The CPP’s various front organizations are working to whip up illusions in Duterte. Renato Reyes, national secretary of the CPP umbrella front organization, Bagong Alyansang Makabayan (BAYAN), wrote: “We support the progressive and nationalist goals and program of the new government.”
Carol Araullo, national chair of BAYAN, penned a more extensive justification of Duterte’s administration in her regular column in Business World, the leading business daily in the country. Araullo described Duterte’s government as “apparently inconsistent.” Duterte was “continuing the neoliberal economic policies of the Aquino government while offering socio-economic cabinet posts to the communists.” This seeming contradiction, however, was an example of Duterte’s “exceptional brinksmanship.” Duterte was “proving that an avowed Leftist and Socialist can win and wield the Presidency while reassuring the Right that he will keep his oath to preserve the system.”
Araullo’s perspective is a damning indictment of the CPP’s nationalist politics, which are entirely in the service of the bourgeoisie. She admits that Duterte is carrying forward Aquino’s policies of austerity and repression, which over the past six years have presided over mounting social inequality.
The fact that Duterte is installing “communists” into his cabinet, is only “apparently” contradictory. Duterte can install the CPP into his government and “reassure the Right” at the same time, precisely because the CPP’s politics are hostile to the working class.
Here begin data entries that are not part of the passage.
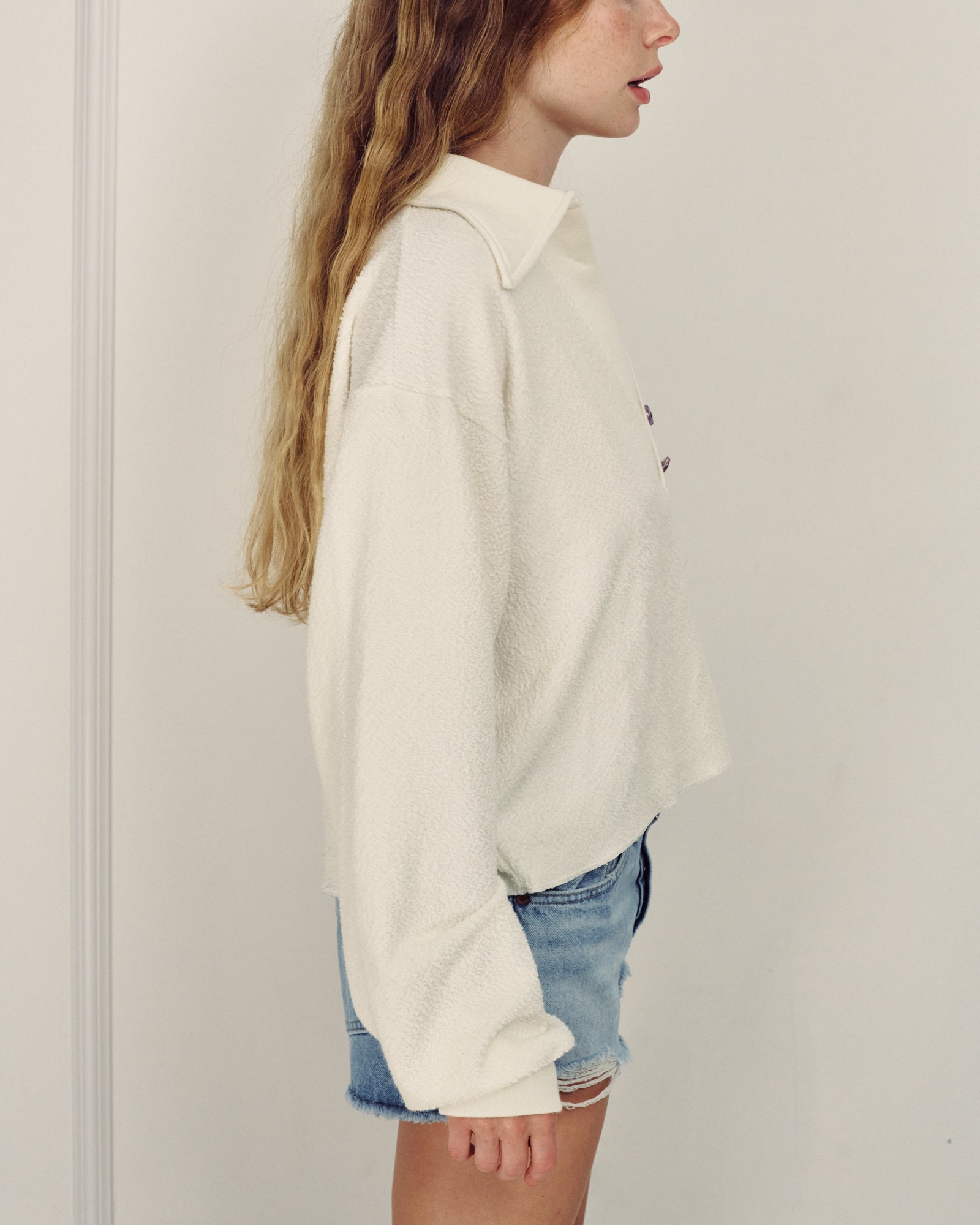 MADLEN POLO SWEATSHIRT CREAM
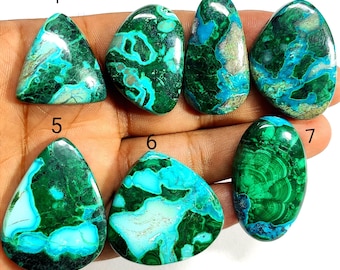 Piedra preciosa natural de crisocola-malaquita de calidad AAA+++, cabujón de crisocola-malaquita, cabujón liso artesanal, piedra para joyería, 10987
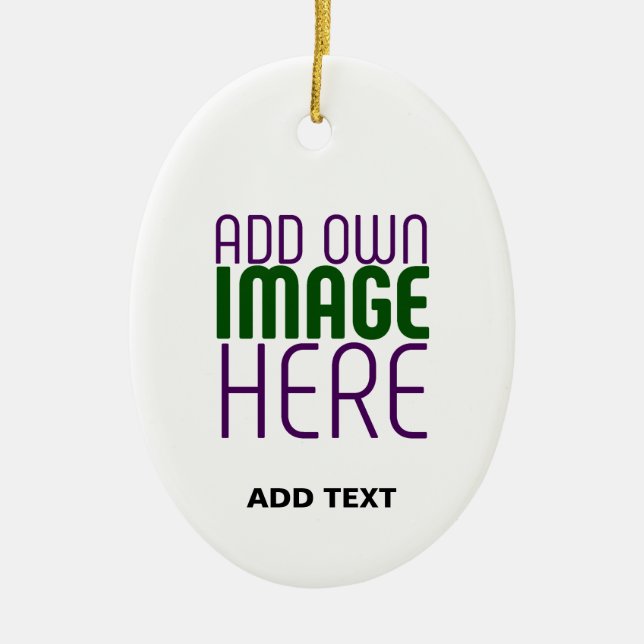  MODERN EDITABLE SIMPLE WHITE IMAGE TEXT TEMPLATE CERAMIC ORNAMENT (Front)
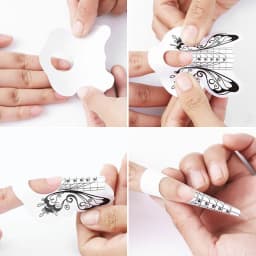 100 Pcs Professional Nail Forms Acrylic UV Gel Polish Nail Extension Stencil Manicure Tools DIY French Manicure Adhesive Sticker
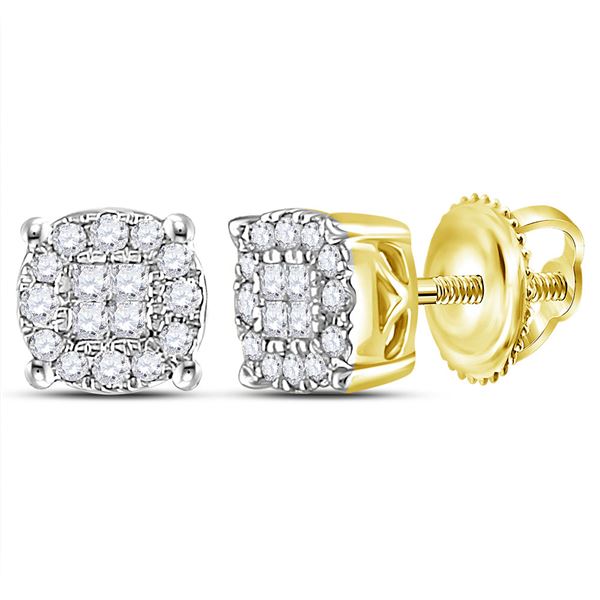 Princess Round Diamond Cluster Earrings 1/4 Cttw 14KT Yellow Gold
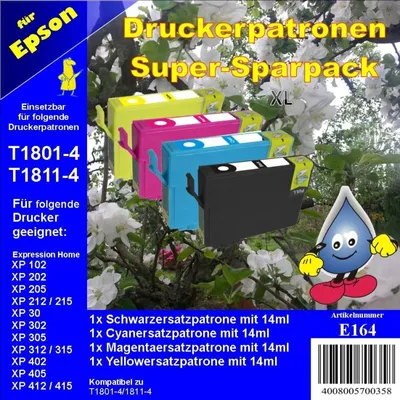 Produktbild von E164 - TiDis Ersatzpatronen Supersparpack - B/C/M/Y - mit 4x 14ml Inhalt ersetzt T1816XL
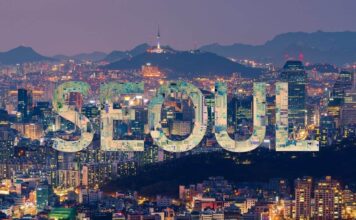 Séoul – vue de près et vue du ciel seoul bas ciel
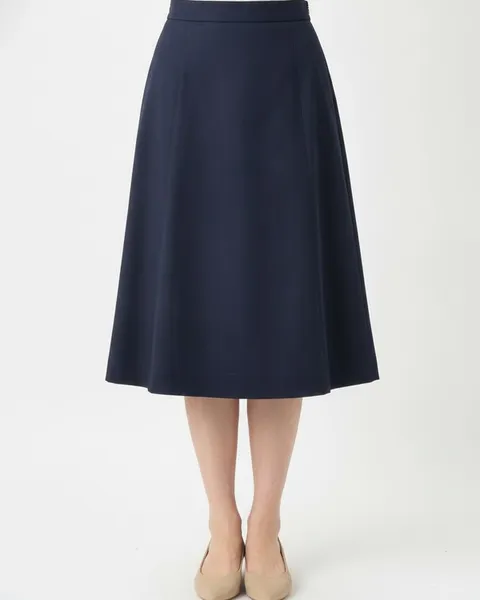 Dunley A-Line Skirt in Navy, model shot on white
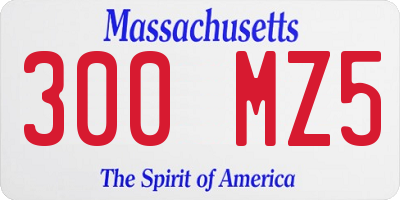MA license plate 300MZ5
From its inception, the CPP has been based on the Stalinist two-stage program, which stated that the tasks of revolution in the Philippines were national and democratic only, and not yet socialist. The working class, the CPP claimed, should not fight for its independent class interests but ally with its enemy, the bourgeoisie, in the name of national democracy. Time and again, this program has led to the betrayal and murder of the working class. The alliance with Duterte is the most criminal demonstration of the bankruptcy of the CPP’s politics.
As Duterte and Sison engage in peace talks and negotiate the role of the CPP in the new administration, the working class must take warning. These forces are preparing immense betrayals and class suppression.